> _DATA FOR PROCESSING_:
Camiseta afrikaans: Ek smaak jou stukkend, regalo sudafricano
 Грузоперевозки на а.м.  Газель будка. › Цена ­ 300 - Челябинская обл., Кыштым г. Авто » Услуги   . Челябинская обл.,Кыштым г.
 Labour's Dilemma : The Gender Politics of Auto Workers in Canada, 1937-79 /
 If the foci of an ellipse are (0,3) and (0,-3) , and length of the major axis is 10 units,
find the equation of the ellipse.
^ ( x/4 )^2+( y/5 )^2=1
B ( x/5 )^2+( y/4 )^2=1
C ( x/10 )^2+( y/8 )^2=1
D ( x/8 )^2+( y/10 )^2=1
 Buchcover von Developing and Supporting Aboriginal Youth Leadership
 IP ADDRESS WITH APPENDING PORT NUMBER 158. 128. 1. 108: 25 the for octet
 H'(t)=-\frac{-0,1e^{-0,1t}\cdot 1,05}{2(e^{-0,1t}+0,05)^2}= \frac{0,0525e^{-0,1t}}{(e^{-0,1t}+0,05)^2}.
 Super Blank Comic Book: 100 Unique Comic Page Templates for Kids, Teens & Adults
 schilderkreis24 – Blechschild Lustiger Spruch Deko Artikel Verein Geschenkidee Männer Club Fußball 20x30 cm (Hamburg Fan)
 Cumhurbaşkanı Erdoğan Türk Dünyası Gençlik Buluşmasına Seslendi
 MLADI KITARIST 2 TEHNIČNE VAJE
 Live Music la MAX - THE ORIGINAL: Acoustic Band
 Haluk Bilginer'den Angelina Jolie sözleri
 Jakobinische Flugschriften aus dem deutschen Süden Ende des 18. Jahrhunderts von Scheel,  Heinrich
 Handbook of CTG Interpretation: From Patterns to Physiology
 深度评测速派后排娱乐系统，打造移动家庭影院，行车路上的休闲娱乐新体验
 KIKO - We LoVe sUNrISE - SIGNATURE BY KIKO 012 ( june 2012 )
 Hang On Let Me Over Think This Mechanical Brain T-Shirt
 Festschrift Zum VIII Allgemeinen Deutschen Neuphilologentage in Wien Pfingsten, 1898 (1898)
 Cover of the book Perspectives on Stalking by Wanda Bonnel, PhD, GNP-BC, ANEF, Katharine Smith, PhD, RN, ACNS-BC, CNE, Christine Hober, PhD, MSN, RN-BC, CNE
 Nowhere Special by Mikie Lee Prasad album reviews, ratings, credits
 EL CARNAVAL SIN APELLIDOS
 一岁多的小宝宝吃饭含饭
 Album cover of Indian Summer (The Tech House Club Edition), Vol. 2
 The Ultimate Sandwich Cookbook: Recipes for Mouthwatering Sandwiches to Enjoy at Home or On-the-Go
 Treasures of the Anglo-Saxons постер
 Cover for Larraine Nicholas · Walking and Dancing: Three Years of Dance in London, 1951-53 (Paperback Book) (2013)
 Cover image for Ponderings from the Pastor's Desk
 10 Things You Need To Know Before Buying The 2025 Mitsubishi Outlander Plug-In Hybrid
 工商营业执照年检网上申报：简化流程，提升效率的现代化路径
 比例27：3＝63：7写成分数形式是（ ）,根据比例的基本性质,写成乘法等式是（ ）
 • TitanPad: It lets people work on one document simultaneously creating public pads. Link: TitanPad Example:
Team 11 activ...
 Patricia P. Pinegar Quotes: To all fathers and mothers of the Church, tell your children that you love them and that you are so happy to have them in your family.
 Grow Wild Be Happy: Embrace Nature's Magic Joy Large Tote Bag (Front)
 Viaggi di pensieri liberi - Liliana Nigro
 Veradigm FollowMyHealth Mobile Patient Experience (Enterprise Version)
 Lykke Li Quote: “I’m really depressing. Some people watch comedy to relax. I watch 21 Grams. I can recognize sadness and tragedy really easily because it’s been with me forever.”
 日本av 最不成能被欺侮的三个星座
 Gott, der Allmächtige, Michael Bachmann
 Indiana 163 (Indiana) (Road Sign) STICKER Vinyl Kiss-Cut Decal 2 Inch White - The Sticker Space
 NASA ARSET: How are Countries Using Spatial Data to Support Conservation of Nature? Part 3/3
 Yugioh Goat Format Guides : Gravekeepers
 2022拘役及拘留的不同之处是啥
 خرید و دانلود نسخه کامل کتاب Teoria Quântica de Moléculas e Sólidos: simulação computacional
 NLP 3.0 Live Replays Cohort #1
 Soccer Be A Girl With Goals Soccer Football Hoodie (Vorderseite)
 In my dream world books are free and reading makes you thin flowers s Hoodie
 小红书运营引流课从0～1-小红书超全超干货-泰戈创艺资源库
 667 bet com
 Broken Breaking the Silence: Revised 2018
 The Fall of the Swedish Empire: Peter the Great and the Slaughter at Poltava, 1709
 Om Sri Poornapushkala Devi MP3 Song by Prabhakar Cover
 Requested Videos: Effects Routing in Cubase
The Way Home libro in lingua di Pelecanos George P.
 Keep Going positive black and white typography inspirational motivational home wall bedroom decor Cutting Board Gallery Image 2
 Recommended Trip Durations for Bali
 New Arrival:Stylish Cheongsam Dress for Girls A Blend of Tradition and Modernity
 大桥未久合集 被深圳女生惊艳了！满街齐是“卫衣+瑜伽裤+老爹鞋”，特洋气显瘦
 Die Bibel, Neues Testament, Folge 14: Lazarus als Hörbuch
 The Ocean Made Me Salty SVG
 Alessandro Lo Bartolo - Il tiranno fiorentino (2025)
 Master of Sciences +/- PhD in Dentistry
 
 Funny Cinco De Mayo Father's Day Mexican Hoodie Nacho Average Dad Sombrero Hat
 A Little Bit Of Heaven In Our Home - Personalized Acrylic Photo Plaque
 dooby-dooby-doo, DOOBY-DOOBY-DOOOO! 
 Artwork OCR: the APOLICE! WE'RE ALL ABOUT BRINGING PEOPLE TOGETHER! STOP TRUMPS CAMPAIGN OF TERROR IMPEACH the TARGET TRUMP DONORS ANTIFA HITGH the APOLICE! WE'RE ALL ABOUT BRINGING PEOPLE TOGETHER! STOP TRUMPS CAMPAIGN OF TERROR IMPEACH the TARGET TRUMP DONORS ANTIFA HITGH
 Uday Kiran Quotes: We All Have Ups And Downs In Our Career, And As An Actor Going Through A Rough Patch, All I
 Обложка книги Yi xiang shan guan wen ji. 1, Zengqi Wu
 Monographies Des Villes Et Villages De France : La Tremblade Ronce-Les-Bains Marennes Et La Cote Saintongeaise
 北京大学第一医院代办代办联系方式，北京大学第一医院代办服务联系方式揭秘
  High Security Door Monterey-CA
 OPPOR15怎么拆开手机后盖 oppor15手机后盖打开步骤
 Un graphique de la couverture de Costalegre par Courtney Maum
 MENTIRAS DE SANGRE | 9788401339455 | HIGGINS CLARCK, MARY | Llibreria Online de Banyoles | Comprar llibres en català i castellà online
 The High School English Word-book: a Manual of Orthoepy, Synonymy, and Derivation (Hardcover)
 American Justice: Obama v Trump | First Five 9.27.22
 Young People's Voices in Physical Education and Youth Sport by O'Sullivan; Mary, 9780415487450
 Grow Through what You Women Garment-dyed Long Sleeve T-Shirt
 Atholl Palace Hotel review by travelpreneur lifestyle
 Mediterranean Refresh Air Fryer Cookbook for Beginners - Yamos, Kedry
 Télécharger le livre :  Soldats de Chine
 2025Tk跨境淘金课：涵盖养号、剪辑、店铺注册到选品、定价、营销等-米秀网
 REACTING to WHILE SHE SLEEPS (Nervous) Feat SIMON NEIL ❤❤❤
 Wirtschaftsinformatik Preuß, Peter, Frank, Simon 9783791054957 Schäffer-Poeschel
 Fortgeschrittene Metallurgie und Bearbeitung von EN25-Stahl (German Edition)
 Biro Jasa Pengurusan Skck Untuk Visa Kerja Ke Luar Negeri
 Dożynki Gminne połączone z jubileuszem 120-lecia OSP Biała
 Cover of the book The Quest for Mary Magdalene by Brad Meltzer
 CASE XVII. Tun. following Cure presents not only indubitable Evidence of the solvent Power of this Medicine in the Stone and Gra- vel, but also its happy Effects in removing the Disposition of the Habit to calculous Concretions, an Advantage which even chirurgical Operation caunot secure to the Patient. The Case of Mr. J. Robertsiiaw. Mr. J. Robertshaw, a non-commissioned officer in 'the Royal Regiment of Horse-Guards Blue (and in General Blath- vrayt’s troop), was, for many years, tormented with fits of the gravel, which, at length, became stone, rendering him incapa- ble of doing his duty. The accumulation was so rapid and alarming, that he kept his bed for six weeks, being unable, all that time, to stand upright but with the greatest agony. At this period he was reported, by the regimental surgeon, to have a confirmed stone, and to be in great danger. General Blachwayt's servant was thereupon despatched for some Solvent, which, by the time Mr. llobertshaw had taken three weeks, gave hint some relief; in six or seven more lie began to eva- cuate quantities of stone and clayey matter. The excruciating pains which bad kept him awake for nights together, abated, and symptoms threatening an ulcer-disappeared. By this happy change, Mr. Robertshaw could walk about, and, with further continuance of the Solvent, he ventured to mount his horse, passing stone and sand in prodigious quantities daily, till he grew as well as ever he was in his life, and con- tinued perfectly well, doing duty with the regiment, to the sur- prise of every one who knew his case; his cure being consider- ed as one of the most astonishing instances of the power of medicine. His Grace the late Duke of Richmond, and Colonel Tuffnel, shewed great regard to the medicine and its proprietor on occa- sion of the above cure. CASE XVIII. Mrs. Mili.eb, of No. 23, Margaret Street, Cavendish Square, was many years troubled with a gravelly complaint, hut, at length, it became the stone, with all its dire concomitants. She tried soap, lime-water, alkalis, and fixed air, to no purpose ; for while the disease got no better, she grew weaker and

> _GOAL OF THE EXERCISE_: Take each line from the preceding material that contains "Shirt" and copy it.

> _REPLY TO THE EXERCISE_:
 Hang On Let Me Over Think This Mechanical Brain T-Shirt
 Grow Through what You Women Garment-dyed Long Sleeve T-Shirt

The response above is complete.